PROBLEM TO SOLVE:
Only lines that contain the word "Rare" are to be returned from the data below.

(EXERCISE DATA begins)

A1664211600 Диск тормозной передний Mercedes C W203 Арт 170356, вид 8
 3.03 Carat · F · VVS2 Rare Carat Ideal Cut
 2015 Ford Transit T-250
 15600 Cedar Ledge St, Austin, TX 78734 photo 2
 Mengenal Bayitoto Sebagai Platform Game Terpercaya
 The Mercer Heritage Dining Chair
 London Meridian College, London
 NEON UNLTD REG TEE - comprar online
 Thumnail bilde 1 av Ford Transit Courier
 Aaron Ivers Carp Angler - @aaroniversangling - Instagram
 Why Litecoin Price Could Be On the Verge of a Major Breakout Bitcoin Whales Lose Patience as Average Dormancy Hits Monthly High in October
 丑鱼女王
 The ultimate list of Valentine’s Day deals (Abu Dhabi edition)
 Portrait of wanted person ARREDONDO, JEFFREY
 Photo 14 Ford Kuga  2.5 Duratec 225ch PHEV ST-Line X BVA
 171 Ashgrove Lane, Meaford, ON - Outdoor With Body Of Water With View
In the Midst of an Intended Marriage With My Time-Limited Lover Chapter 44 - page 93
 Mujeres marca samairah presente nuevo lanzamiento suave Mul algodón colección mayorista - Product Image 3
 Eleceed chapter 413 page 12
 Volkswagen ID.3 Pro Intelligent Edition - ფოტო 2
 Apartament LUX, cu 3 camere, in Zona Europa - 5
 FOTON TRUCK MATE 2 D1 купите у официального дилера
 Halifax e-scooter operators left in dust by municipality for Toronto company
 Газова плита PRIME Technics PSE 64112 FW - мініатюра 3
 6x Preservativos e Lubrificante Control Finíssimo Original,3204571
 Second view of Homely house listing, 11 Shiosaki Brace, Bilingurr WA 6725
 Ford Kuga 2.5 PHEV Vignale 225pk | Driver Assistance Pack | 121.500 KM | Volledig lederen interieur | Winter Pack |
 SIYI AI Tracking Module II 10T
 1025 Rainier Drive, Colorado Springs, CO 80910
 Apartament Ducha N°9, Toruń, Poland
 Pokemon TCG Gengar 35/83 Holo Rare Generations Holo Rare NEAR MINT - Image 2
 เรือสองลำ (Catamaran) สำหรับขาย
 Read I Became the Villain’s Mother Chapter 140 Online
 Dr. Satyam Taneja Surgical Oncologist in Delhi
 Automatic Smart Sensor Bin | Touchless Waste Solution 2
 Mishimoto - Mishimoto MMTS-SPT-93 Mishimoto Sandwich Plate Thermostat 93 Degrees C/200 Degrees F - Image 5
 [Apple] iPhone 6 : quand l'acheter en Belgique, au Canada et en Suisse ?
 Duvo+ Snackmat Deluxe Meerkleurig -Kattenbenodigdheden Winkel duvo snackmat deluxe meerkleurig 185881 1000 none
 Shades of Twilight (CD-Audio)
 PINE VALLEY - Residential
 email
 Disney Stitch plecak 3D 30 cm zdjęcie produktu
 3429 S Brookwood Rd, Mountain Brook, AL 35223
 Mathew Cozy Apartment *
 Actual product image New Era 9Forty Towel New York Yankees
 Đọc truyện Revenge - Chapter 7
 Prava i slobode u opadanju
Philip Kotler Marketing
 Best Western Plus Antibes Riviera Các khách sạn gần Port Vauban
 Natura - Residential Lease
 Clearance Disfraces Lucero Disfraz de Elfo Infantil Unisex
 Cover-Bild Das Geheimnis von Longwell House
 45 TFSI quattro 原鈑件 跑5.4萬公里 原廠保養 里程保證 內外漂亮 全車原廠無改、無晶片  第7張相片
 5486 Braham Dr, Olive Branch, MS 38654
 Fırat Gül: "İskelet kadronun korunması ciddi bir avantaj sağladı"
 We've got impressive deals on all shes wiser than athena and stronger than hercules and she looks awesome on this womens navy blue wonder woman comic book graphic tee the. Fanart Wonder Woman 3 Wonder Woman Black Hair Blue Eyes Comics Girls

(EXERCISE DATA ends)

EXERCISE RESULT:
 3.03 Carat · F · VVS2 Rare Carat Ideal Cut
 Pokemon TCG Gengar 35/83 Holo Rare Generations Holo Rare NEAR MINT - Image 2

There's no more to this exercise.